Computational Fluid Dynamics (CFD) (MSK610)
Computational fluid dynamics (CFD) lets us solve the governing equations for fluid dynamics for complex engineering problems. CFD is today used in a wide range of industries, some examples are:
- air resistance in airplanes and cars
- wind and wave loads on buildings and marine structures
- heat- and mass transfer in chemical processing plants
- consequence modelling of fires and explosions in the oil- and gas industry
In this course you will get an introduction to computational fluid dynamics. The first part of the course deals with fundamental theory and numerical methods. The second part of the course introduces use of the practical CFD software OpenFOAM. Both parts end with a group project where you select a problem of your own choice to investigate further.

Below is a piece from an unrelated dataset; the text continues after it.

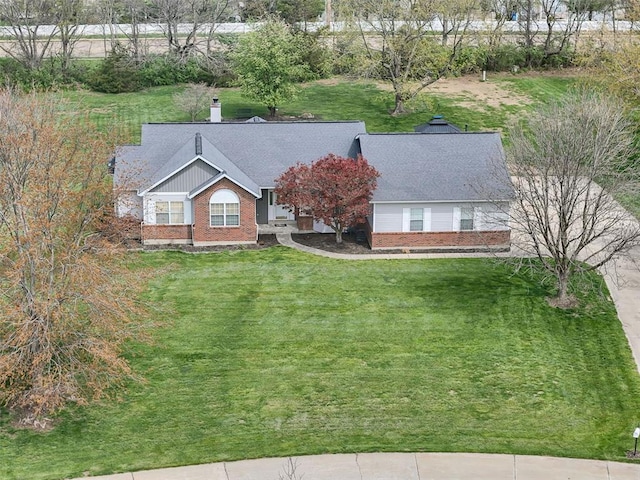 3 Jura Ct, Ofallon, MO 63368 - view of front facade with brick siding, a front yard, and a chimney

Course description for study year 2022-2023
Course code
MSK610
Version
1
Credits (ECTS)
10
Semester tution start
Spring
Number of semesters
1
Exam semester
Spring
Language of instruction
English
Learning outcome
Knowledge
The students shall
- know the governing equations for fluid dynamics, and how these can be described as a general transport equation
- know the properties of the finite volume method for discretizing transport equations
- know the fundamental discretization schemes for each term of the transport equation
- know the most common methods for treating the coupled flow problem
- know the most common models for turbulent flow
- be able to discuss advantages and disadvantages of different choices of solution methods and models
Skills
The students shall be able to
- perform the discretization of all the terms in the transport equation with the finite volume method
- implement numerical methods to solve transport equations in the Python programming language
- perform simulations in the CFD software OpenFOAM; create simulation mesh, select initial- and boundary conditions, discretization schemes and solution methods and visualize the results
- compare simulations against analytical and experimental results
General qualifications
The students shall be able to
- simplify practical problems to make them amenable for analysis with appropriate scientific methods
- visualize and present data from simulations in a scientific manner
- interpret results from simulations and evaluate accuracy and uncertainty
- collaborate in groups to carry out a project work
Required prerequisite knowledge
Recommended prerequisites
Exam
Assignments, projects and written exam
Form of assessment | Weight | Duration | Marks | Aid |
---|---|---|---|---|
Written exam | 1/5 | 3 Hours | Letter grades | |
Project 1 | 2/5 | Letter grades | ||
Project 2 | 2/5 | Letter grades |